- DIRECTIONS -
All lines from the one containing "Vintage Copper Pans" through the end of the material are to be given back exactly, without pictures.

- DATA SECTION -
'''
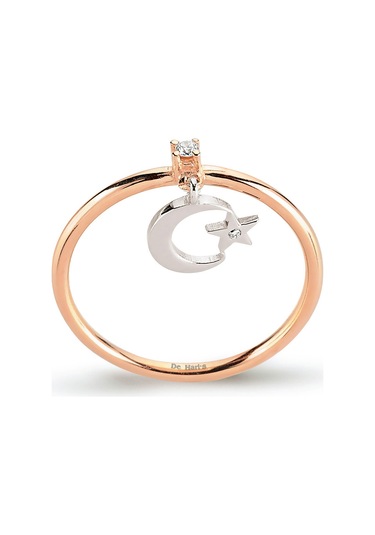 Kuyumcudukkani Ayyıldız Sallantılı Trend Yüzük-10237-r-w Rose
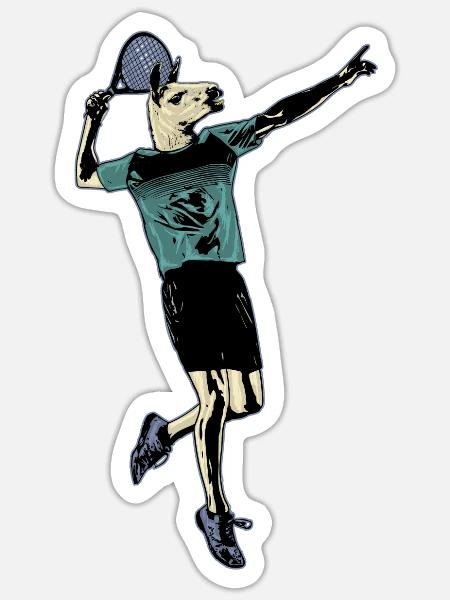 Llama Tennis - Sticker Größe S (10 x 10 cm) - Mattweiß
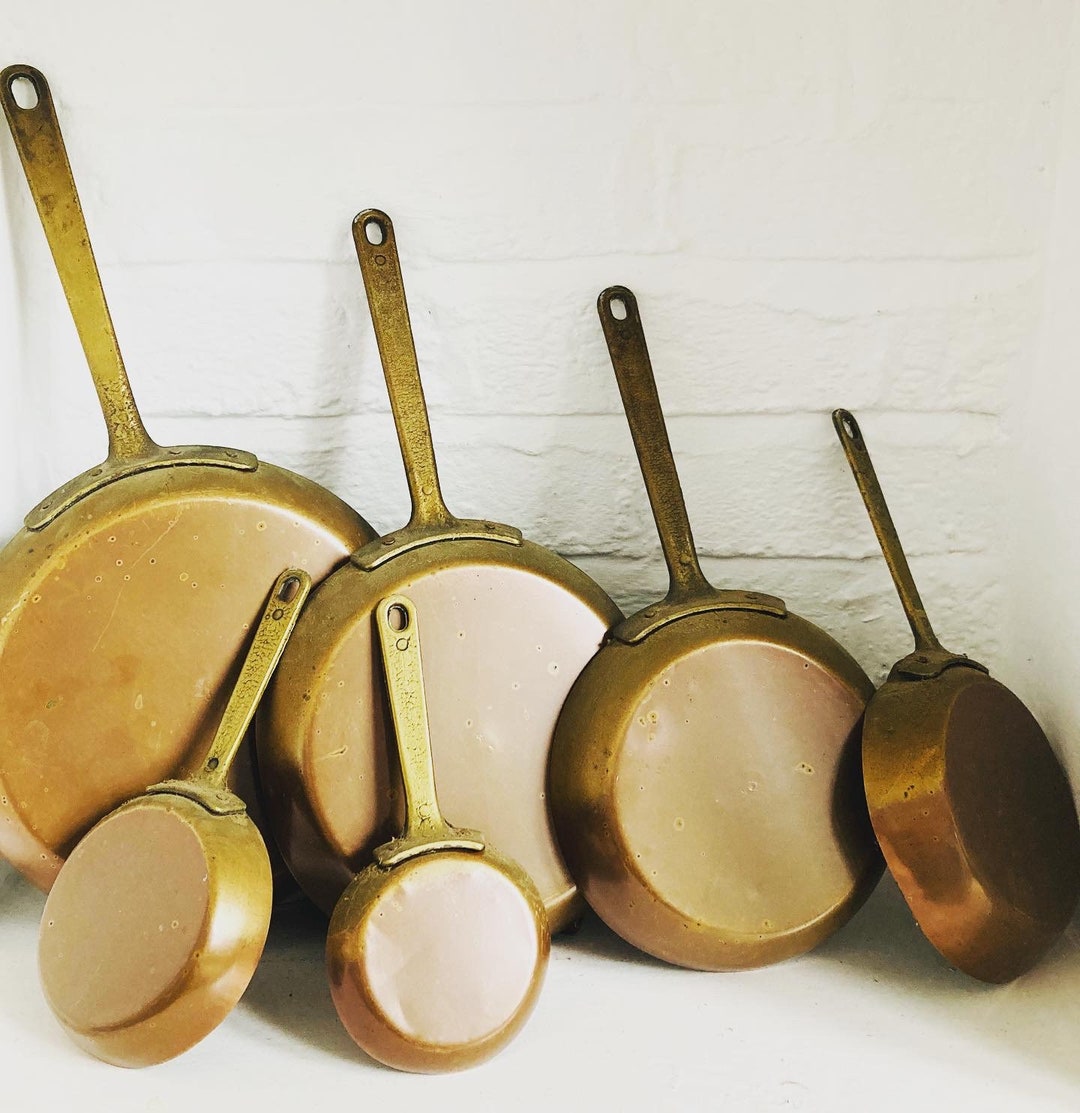 Vintage Copper Pans Rare Rustic French Kitchen Copper Skillet Etsy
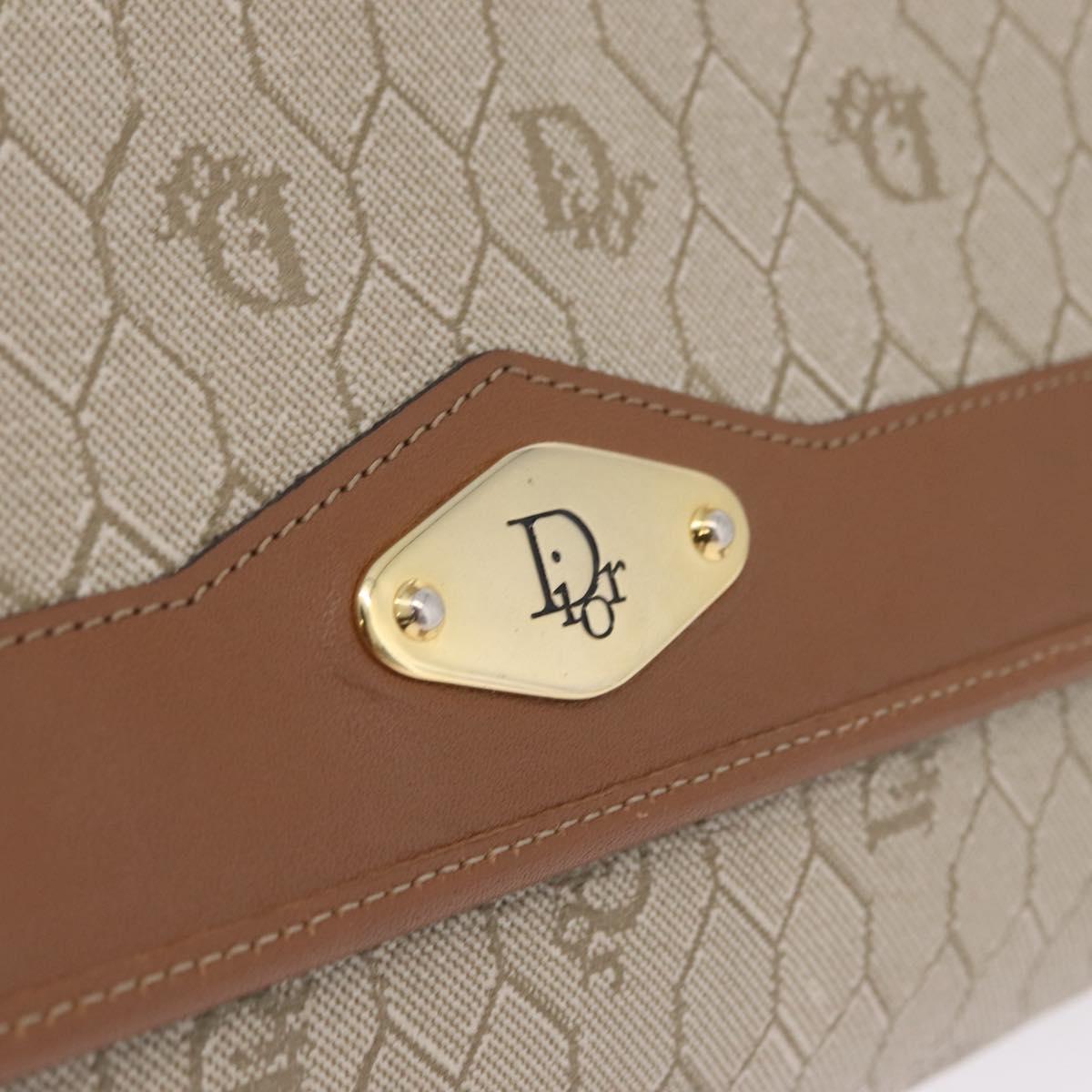 Christian Dior Honeycomb Canvas Chain Shoulder Bag PVC Beige Gold Auth ar14359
'''
- WRITTEN ANSWER -
 Vintage Copper Pans Rare Rustic French Kitchen Copper Skillet Etsy
 Christian Dior Honeycomb Canvas Chain Shoulder Bag PVC Beige Gold Auth ar14359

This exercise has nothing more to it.